Ms. Vollerthun’s interest in photography began during the early 1990s when she joined two very active camera clubs. After attending numerous workshops and seminars (a. o. by renowned Canadian photographer, Freeman Patterson, photographer and educator, Joseph Miller, and photographer, artist and author, Theresa Airey), Sigrid knew she had found her passion and her pursuit of becoming a fine art photographer began.
Nature is the subject of many of her photographs; however, digital fantasies, abstract imagery and dreamscapes are a major part of her repertoire. She uses her camera not only as a recording device, but like a painter uses his brush, filling the images with glorious colors.

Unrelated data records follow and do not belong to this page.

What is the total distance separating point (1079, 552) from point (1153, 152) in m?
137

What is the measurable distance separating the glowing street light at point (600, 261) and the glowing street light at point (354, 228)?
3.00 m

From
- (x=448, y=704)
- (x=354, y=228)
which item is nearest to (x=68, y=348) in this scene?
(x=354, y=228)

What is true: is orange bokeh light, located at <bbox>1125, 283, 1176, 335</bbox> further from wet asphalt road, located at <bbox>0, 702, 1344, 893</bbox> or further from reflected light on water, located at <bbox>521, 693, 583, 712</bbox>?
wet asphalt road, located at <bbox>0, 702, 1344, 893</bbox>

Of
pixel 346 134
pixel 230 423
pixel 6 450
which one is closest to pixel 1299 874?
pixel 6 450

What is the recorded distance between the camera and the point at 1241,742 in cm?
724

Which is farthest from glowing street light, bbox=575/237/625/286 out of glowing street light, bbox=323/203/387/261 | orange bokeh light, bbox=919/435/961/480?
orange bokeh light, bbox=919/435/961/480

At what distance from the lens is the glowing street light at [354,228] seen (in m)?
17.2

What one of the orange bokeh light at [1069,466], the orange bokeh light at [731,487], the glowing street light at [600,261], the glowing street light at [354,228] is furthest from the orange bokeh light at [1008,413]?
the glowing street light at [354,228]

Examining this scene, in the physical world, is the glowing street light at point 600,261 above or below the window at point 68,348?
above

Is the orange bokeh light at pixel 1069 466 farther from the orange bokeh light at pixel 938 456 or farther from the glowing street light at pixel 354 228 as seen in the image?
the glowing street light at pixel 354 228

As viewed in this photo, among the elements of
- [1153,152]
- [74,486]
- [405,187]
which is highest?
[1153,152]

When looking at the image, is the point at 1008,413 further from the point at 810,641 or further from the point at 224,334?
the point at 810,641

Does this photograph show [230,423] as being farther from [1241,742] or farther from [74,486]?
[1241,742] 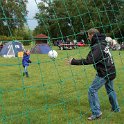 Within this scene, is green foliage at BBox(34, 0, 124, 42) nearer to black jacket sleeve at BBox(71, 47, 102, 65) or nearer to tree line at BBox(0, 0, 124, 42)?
tree line at BBox(0, 0, 124, 42)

Sigrid is a self-taught photographer, who is the recipient of several prestigious photographic awards including a coveted winner’s trophy in the International Photography Contest of NATURE’S BEST Photography Magazine in 2003 and 1998. Her photographs were also published in the National Wildlife Federation Magazine. In 2004, her images were featured in the documentary series entitled “Photographers of Northern Virginia” produced by Channel 10, Public Access Television. She has participated in many juried exhibitions and her work is represented in private collections in the US and abroad.
Ms. Vollerthun’s photographs have gained the attention of art critics. In May, 1999, Nancy Ungar of the Gazette Entertainment wrote, “For Sigrid Vollerthun color itself is the subject. Vollerthun pulls her camera in so tightly on an iris that the identification of the object as a flower is almost lost and the iris becomes a color abstraction.”
In July, 2003, Claudia Rousseau of the Gazette Entertainment wrote, “…In her triptych, “Bird of Paradise,” the echo of the jewel-like colors of the tropical flower and its natural habitat are expressed in overlapping elongated forms. Flame-like, they almost appear to be swaying. The very large “Santa Fe Mood” recalls Georgia O’Keefe’s New Mexico landscapes without imitating them. In “Red Calla Fantasy” and “Calla Meditation,” Vollerthun analyses the lily’s forms simultaneously graphic and organic abstractions.”